[Stored records]
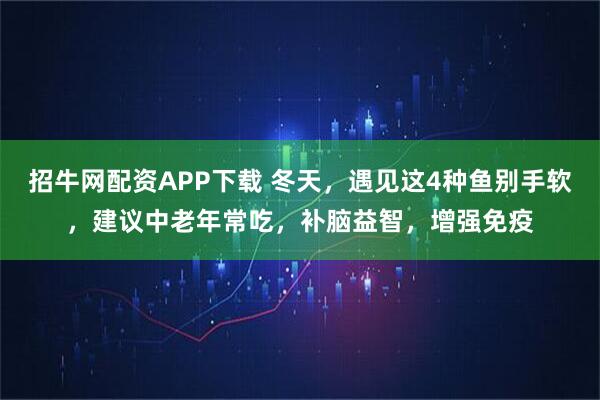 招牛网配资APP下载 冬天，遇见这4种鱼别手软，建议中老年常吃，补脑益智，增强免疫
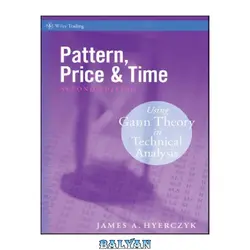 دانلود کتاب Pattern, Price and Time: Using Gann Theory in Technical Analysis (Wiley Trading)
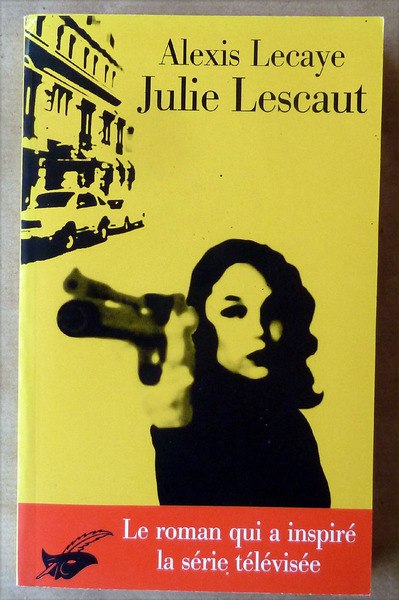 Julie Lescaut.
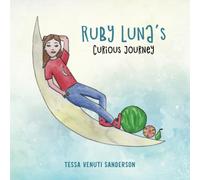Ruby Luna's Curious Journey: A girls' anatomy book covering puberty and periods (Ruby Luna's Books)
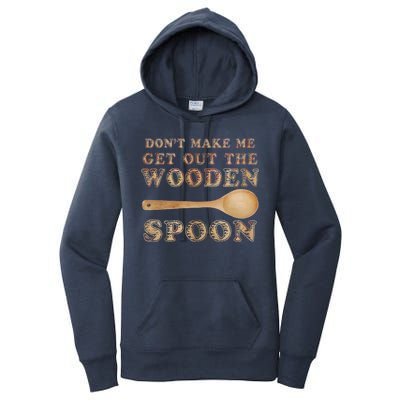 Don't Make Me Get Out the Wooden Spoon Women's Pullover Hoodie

PROBLEM DESCRIPTION:
Your answer should be a precise transcript of the entries, minus the pictures.

THE COMPLETED TASK:
 招牛网配资APP下载 冬天，遇见这4种鱼别手软，建议中老年常吃，补脑益智，增强免疫
 دانلود کتاب Pattern, Price and Time: Using Gann Theory in Technical Analysis (Wiley Trading)
 Julie Lescaut.
Ruby Luna's Curious Journey: A girls' anatomy book covering puberty and periods (Ruby Luna's Books)
 Don't Make Me Get Out the Wooden Spoon Women's Pullover Hoodie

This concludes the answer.